**What is needed:** An exact reproduction of the listing, minus the pictures, is the required output.

·····

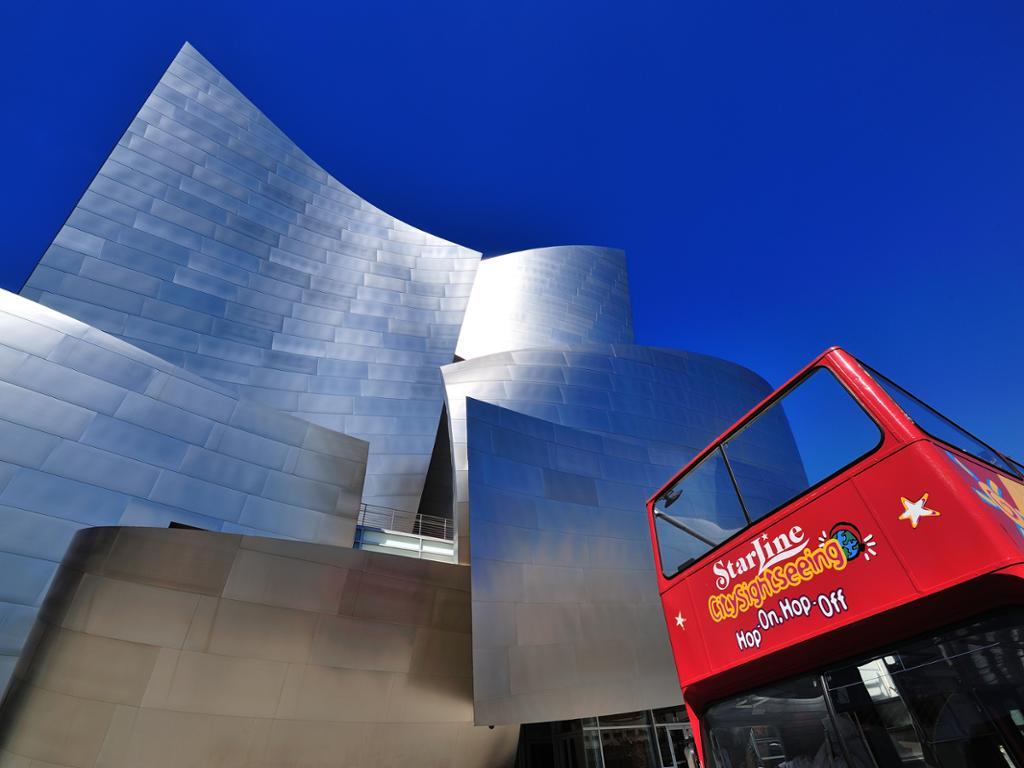 BAH City Sightseeing Hop on Hop off Los Angeles& Hollywood Overview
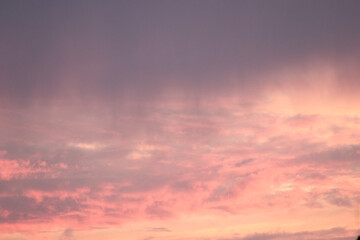 Obraz premium September Sunset in Cornwall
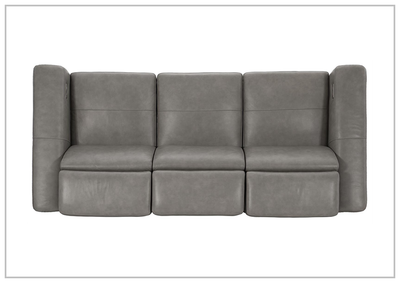 Lioni Leather Power Motion Sofa by Bernhardt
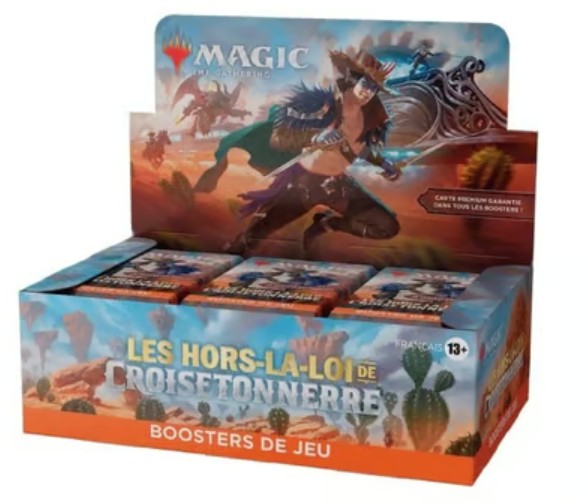 Magic: The Gathering - Display de Boosters de jeu Les hors-la-loi de Croisetonnerre (36 Boosters) - FR 
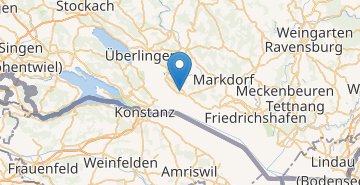 Karta Meersburg
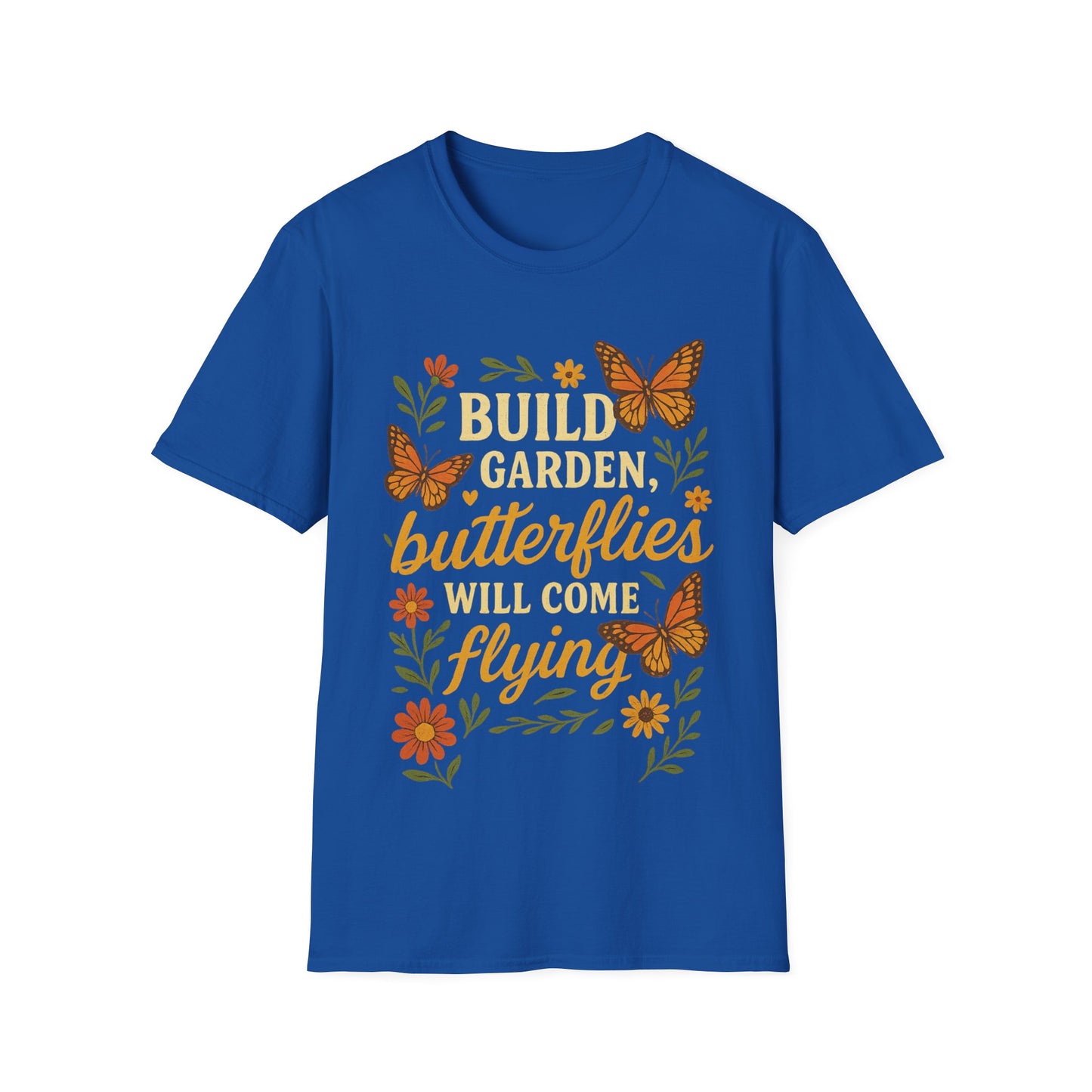 Butterfly Garden T-Shirt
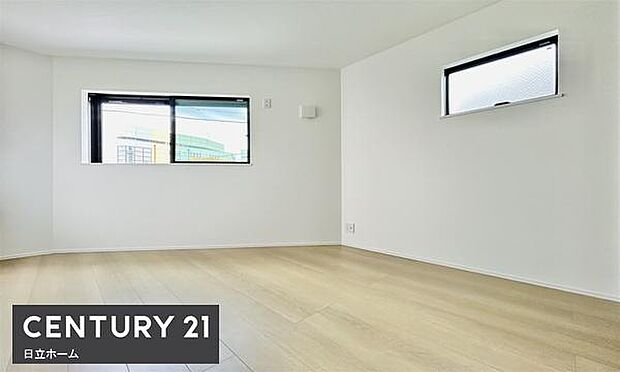 《洋室》　■型にはまらない多才なプライベートルーム。くつろぎの場としてだけでなく、趣味や仕事のパーソナルスペースとしても活躍する、ゆったりした寝室。個の時間をたっぷり楽しめる快適空間です。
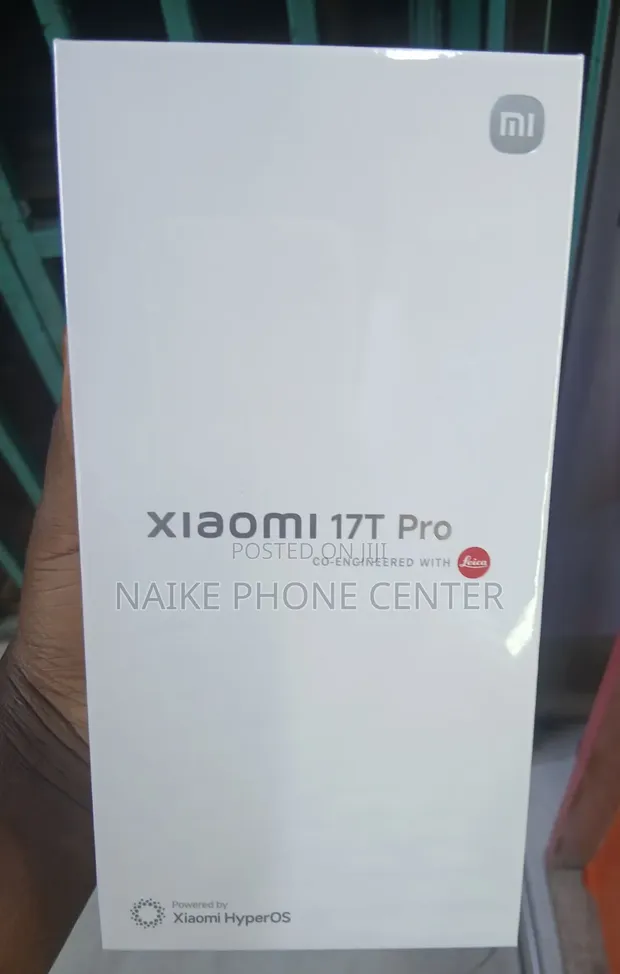New Xiaomi 17T Pro 512GB Black - 1
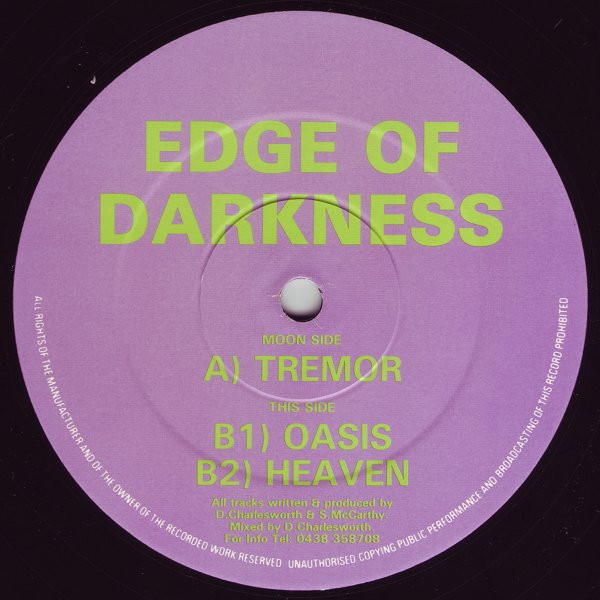 télécharger l'album Edge Of Darkness - Tremor Oasis Heaven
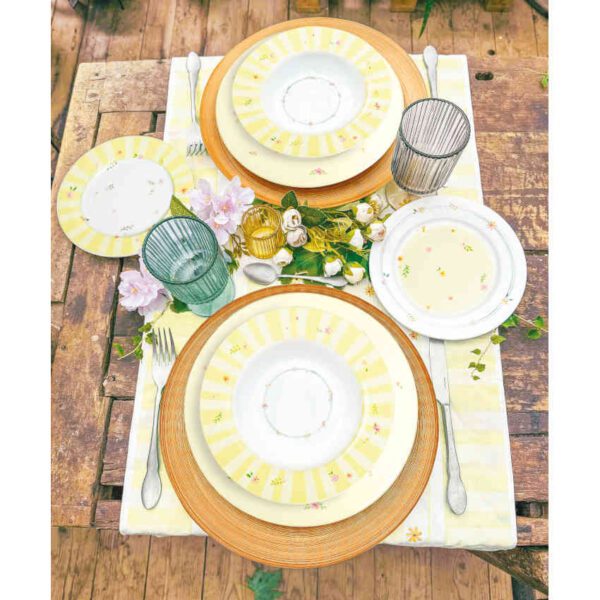 POLLINE GIALLO - SET 2 TAZZINE DA CAFFE' - BRANDANI - Image 2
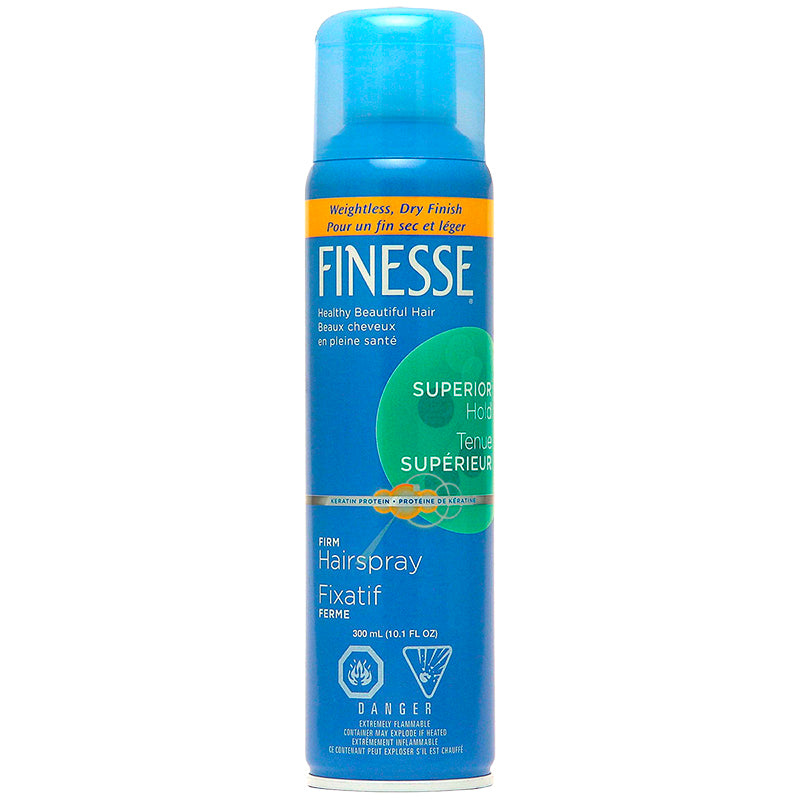 Spray Fijador Fijación Firme Aerosol 300 ml Finesse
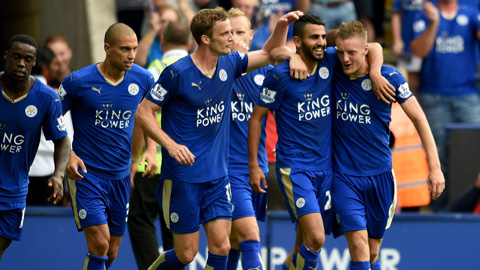 Leicester là lính mới của vòng knock-out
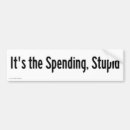 Search for spend bumper stickers Budget
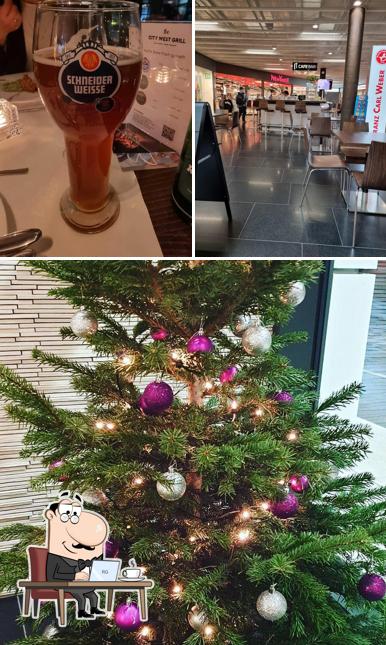 Dai un'occhiata agli interni di City West Cafe Bar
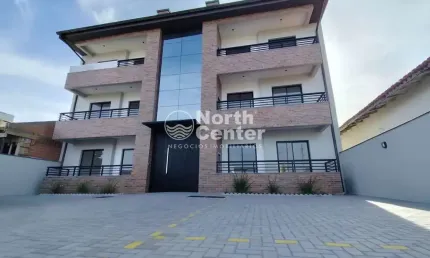 Apartamento à venda com Vista Mar, Turimar, Balneário Gaivota, SC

·····

**Written response:**
 BAH City Sightseeing Hop on Hop off Los Angeles& Hollywood Overview
 Obraz premium September Sunset in Cornwall
 Lioni Leather Power Motion Sofa by Bernhardt
 Magic: The Gathering - Display de Boosters de jeu Les hors-la-loi de Croisetonnerre (36 Boosters) - FR 
 Karta Meersburg
 Butterfly Garden T-Shirt
 《洋室》　■型にはまらない多才なプライベートルーム。くつろぎの場としてだけでなく、趣味や仕事のパーソナルスペースとしても活躍する、ゆったりした寝室。個の時間をたっぷり楽しめる快適空間です。
New Xiaomi 17T Pro 512GB Black - 1
 télécharger l'album Edge Of Darkness - Tremor Oasis Heaven
 POLLINE GIALLO - SET 2 TAZZINE DA CAFFE' - BRANDANI - Image 2
 Spray Fijador Fijación Firme Aerosol 300 ml Finesse
 Leicester là lính mới của vòng knock-out
 Search for spend bumper stickers Budget
 Dai un'occhiata agli interni di City West Cafe Bar
 Apartamento à venda com Vista Mar, Turimar, Balneário Gaivota, SC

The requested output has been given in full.